The numeric scale changes everything. The intercept's huge number is the baseline odds when wt and hp are both zero, which is nonsense in this dataset, so ignore it. The interesting rows are wt and hp. The wt odds ratio of 0.0003 means that a one-unit (1000 lb) increase in weight multiplies the odds of being manual by about 0.0003, which is a brutal collapse. The hp odds ratio of 1.04 means each additional horsepower nudges the odds upward by 4 percent. Heavy cars favour automatic transmissions, more powerful cars favour manuals, holding the other variable fixed.

Key Insight

An odds ratio is not a probability ratio. Doubling the odds is not doubling the probability when probabilities are already large. Odds = p / (1 − p), so an odds ratio of 2 takes a 33% probability to 50%, but only takes an 80% probability to 89%.

Probabilities are what you actually report to decision-makers, and predict(fit, type = "response") gives them directly.
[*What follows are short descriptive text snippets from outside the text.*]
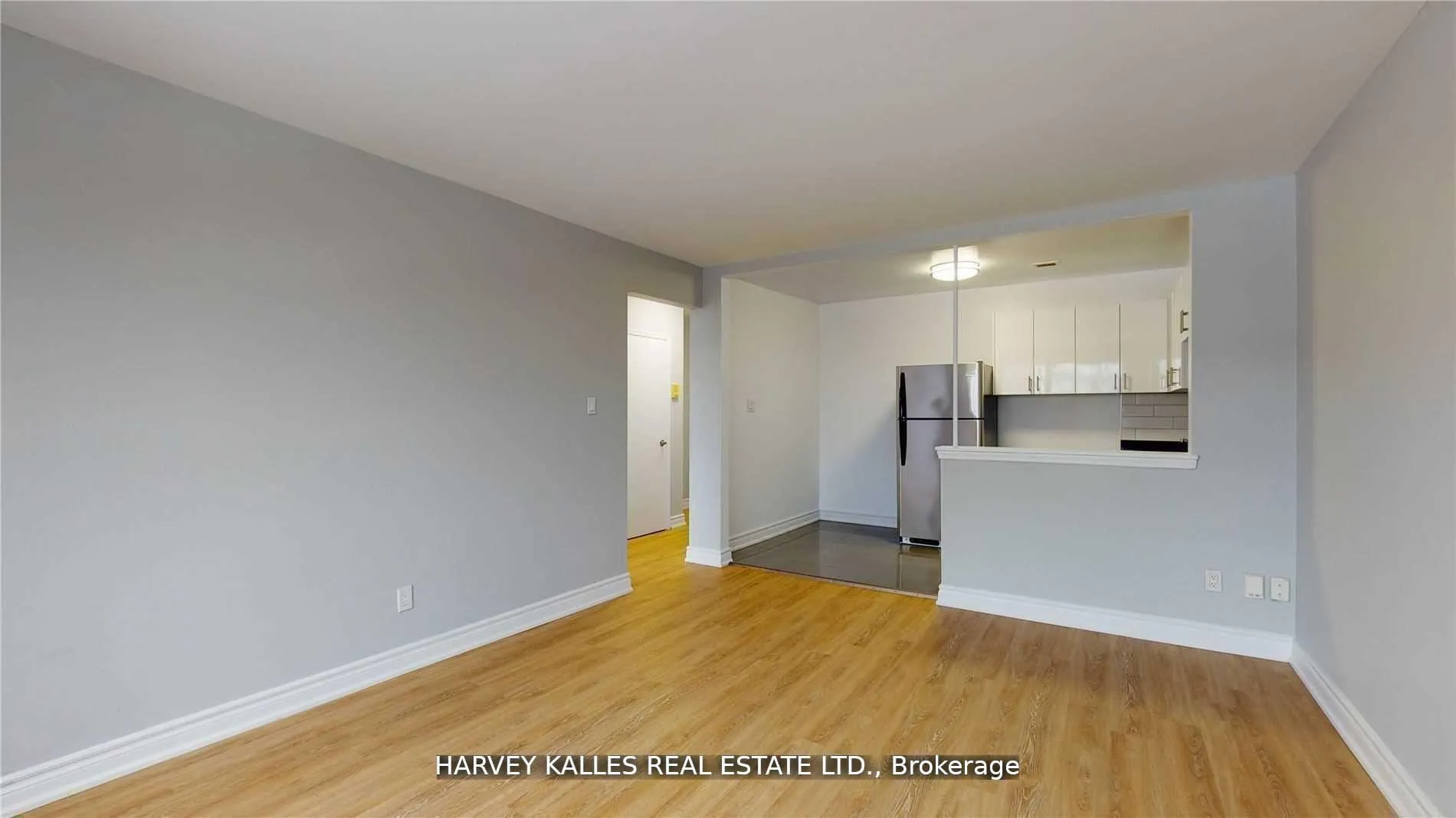 Photo 4 of Unit B7, 31 Clearview Heights, Toronto, Keelesdale-Eglinton West — HOMEH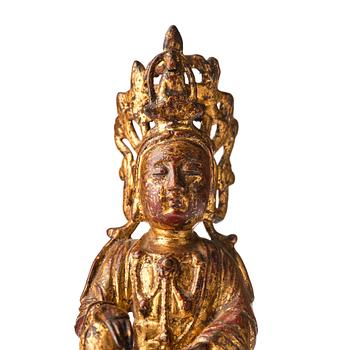 Guanyin/Avalokiteshvara, fögylld och lackerad brons. Mingdynastin (1368-1644).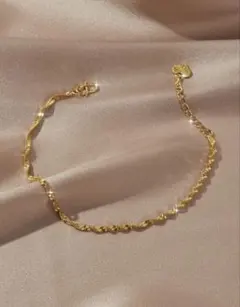 ゴールドカラー ツイストチェーン ブレスレット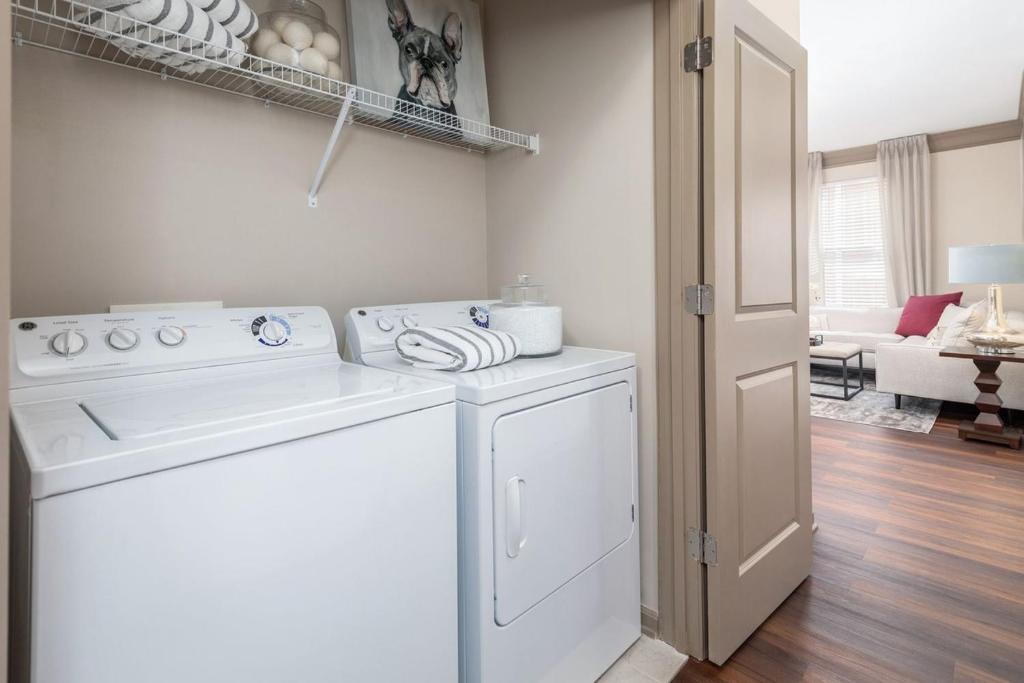 uma máquina de lavar e secar roupa branca numa sala de estar em Comfy Casa Entertainment em Charlotte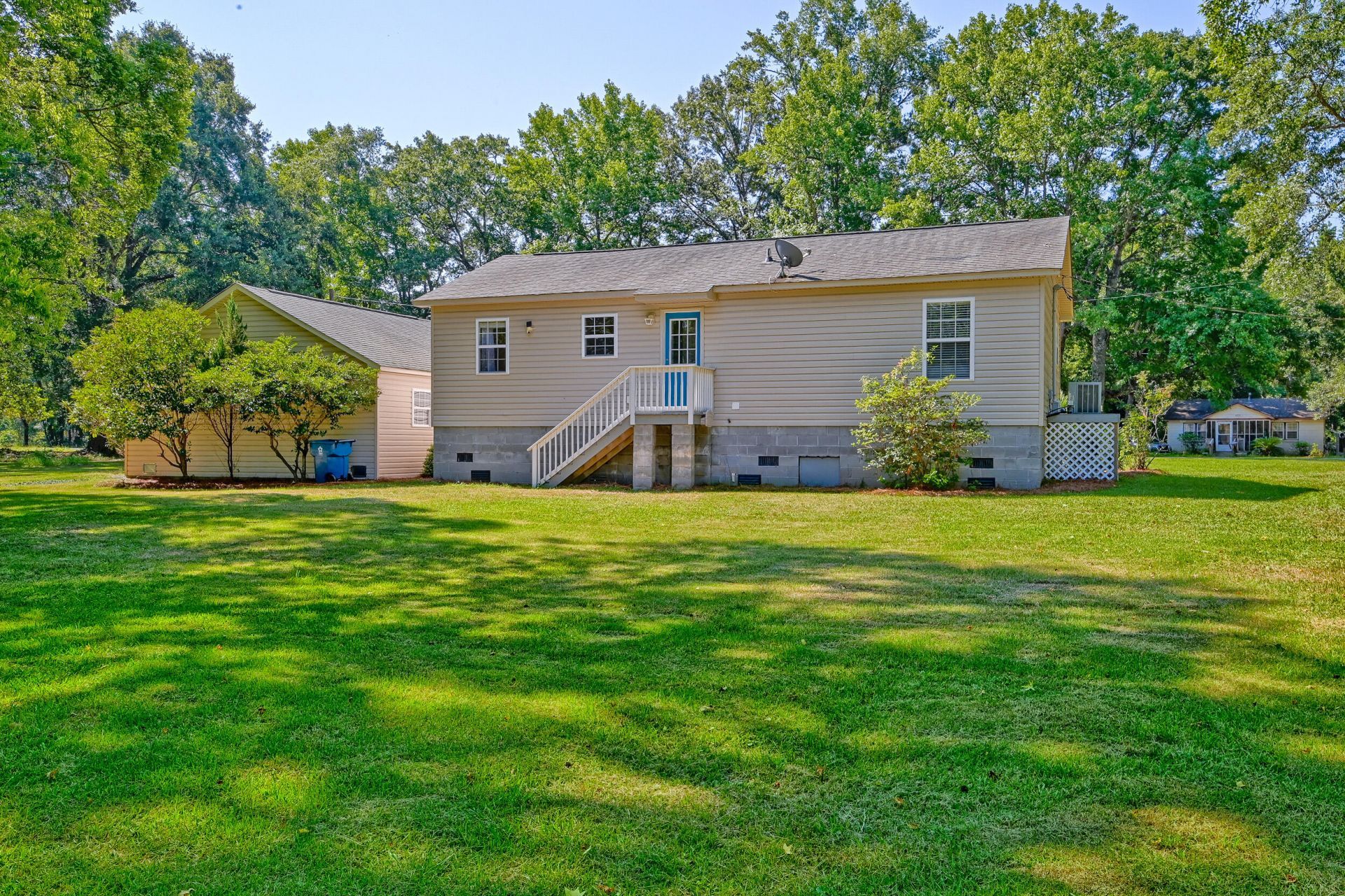 4134 River Road Photo 7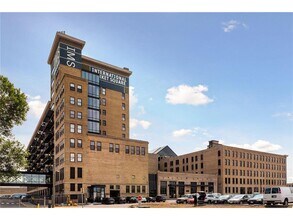 290 Market St in Minneapolis, MN - Building Photo - Building Photo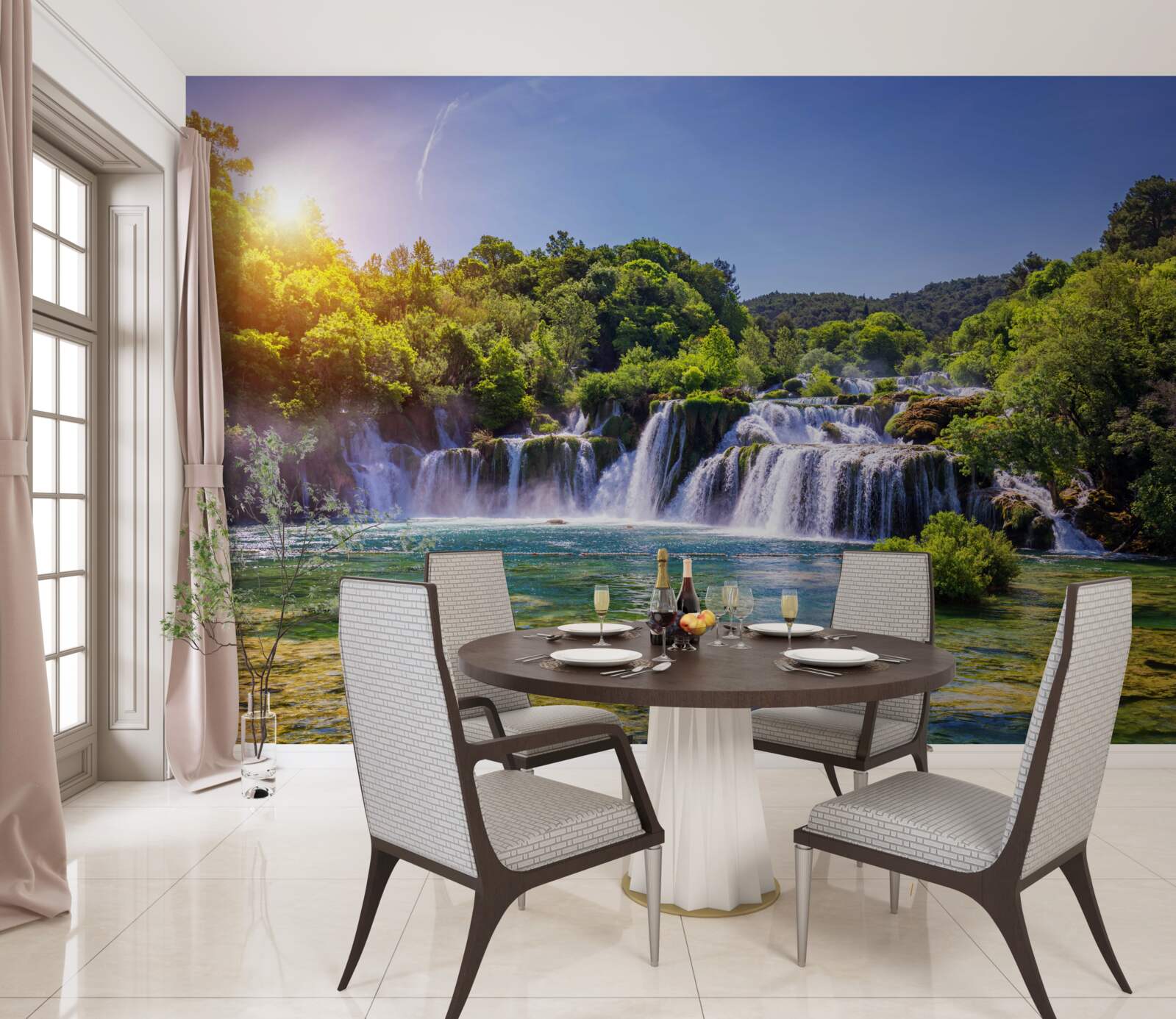 Fotobehang de waterval, die het water ruist onder de vallende schemering, maakt een luid geluid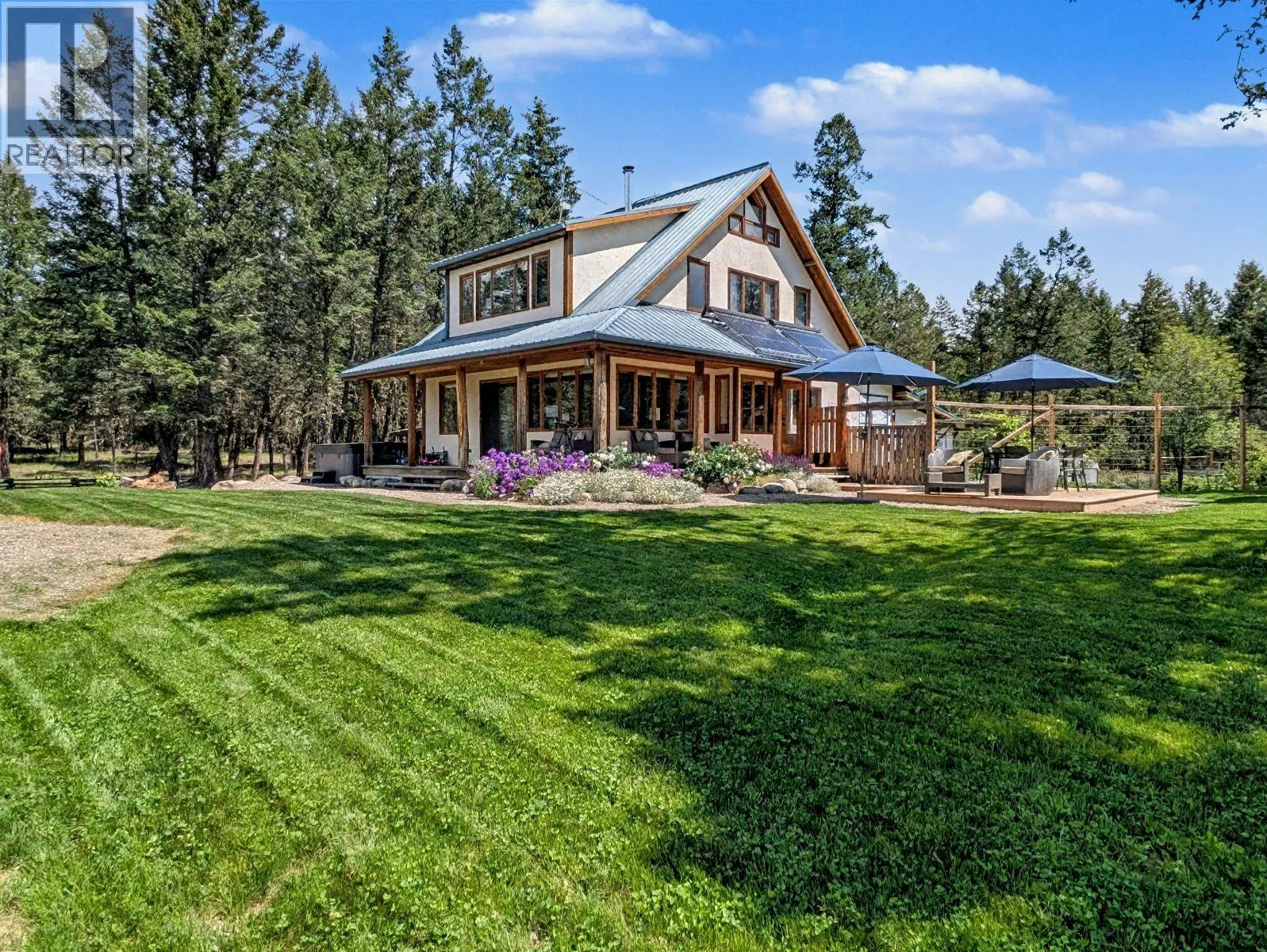 House for rent: 3941 Houlgrave Road, Nelson, British Columbia V0A 1K5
You can ask the model what the probability of manual is for cars with specific values.

RPredicted probabilities for new cars

new_cars <- data.frame( wt = c(2.0, 3.2, 4.5), hp = c(110, 110, 110) ) new_cars$prob_manual <- predict(fit1, newdata = new_cars, type = "response") new_cars #> wt hp prob_manual #> 1 2.0 110 0.9990480 #> 2 3.2 110 0.5648353 #> 3 4.5 110 0.0007017 # Same numbers via the linear predictor + plogis() eta <- predict(fit1, newdata = new_cars, type = "link") plogis(eta) #> [1] 0.9990480 0.5648353 0.0007017

Holding hp fixed at 110, a 2,000-lb car has a 99.9% predicted probability of being manual, a 3,200-lb car sits near the 50/50 decision boundary, and a 4,500-lb car has essentially zero probability of being manual. Notice the second column shows the same numbers from the linear predictor passed through plogis(), which is just 1 / (1 + exp(-eta)). That equivalence is the whole logistic-regression trick: a linear model in log-odds space, an S-curve in probability space.

Tip

Use broom::tidy(exponentiate = TRUE, conf.int = TRUE) to get odds ratios with confidence intervals in one step. The base R alternative is exp(cbind(OR = coef(fit), confint(fit))), but the tidy version returns a data frame, supports ggplot2, and adds p-values automatically.

Try it: The raw hp coefficient from fit1 is roughly 0.0363 on the log-odds scale. Compute its odds ratio by hand using exp() and verify it matches the or_table value.

RYour turn: odds ratio for hp

# Hint: pull the coefficient out of fit1 and call exp() ex_or_hp <- ___ ex_or_hp #> Expected: ~1.037 (matches the hp row in or_table)

Click to reveal solution

Rhp odds ratio solution

ex_or_hp <- exp(coef(fit1)["hp"]) ex_or_hp #> hp #> 1.036929

Explanation: coef(fit1)["hp"] extracts the raw log-odds coefficient (0.0363), and exp() converts it to the odds ratio (1.037). Each extra horsepower multiplies the odds of manual by 1.037, or +3.7%.

What diagnostics check that the model is sound?

Even a model with significant p-values can be wrong. Logistic regression has four diagnostic checks that catch the failures most beginners ship to production: multicollinearity (correlated predictors that destabilise coefficients), influential points (single rows that move the fit), linearity in the log-odds (the only assumption logistic actually has on continuous predictors), and calibration (do predicted probabilities match observed frequencies).

Logistic regression diagnostics

Figure 3: The four diagnostics every logistic regression should pass.

Start with multicollinearity. If two predictors carry almost the same information, their coefficients become unstable and uninterpretable, even when overall model fit looks fine. The variance inflation factor (VIF) is the standard check, and car::vif() works on glm objects.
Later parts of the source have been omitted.